To the Nationalists they were ratas. Rata meant ‘rat’.
Georg and Dieter shared the same ground crewman, a cheerful Bavarian called Hans who’d served his apprenticeship in the Bayerische Flugzeugwerke factory at Augsberg. Like everyone else on the squadron he knew that the only answer to the ratas was Willy Messerschmitt’s new Bf-109, but just now there was still a serious problem with the engine.
Hans helped Dieter onto the lower wing of the He-51 and into the cockpit. Like Dieter, he was a big fan of American blues and they’d recently spent a wet evening together under canvas, listening to Dieter’s collection of Mississippi Delta recordings. Back home, nigger music was banned. Out here, no one cared what you listened to.
‘You hear about the Ivans?’ Hans was storing boxes of ammunition for the two machine guns. ‘Take care, eh?’
Dieter nodded, said nothing. Georg was already settled in the adjacent aircraft, engine running, ready to roll. Hans jumped down and stood back as Dieter went through his pre-start checks. The aircraft trembled as the engine fired, and moments later Hans offered a departing wave as Dieter joined the line of biplanes zigzagging across the still-wet grass towards the runway. The new airstrip at Vitoria was too narrow for formation take-offs and one by one the He-51s turned into the wind before final checks.

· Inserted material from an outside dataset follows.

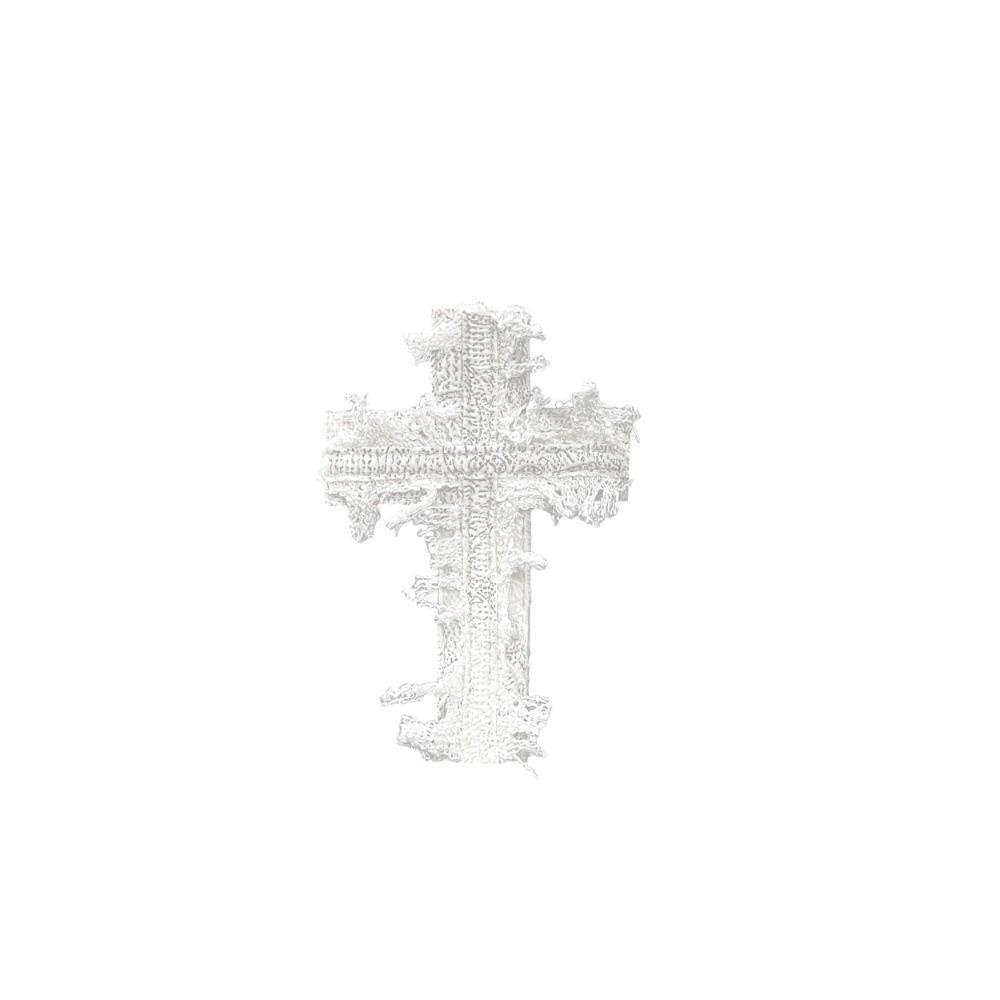 Subculture Lace Crosses Hair Clip Lolita Punk Gothic Hairpin Halloween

Dieter was number four in line with Georg behind him. He made a last adjustment to his goggles before his hand found the throttle. The He-51 was slow to accelerate, slow in the climb, slow in almost every other respect, but the big old biplane had taught Dieter everything he knew about surviving in the air and he’d come to love the feel of the machine beneath his fingertips. Halfway down the runway he eased the joystick forward, lowering the nose, bringing up the tail, and Dieter watched the onrushing line of trees beside the perimeter fence to judge the moment of take-off. One last bump and he was airborne, the biplane wallowing in the wake of the aircraft ahead. Dieter adjusted the trim and edged left for a smoother ride. A glance in the mirror confirmed that Georg was safely off.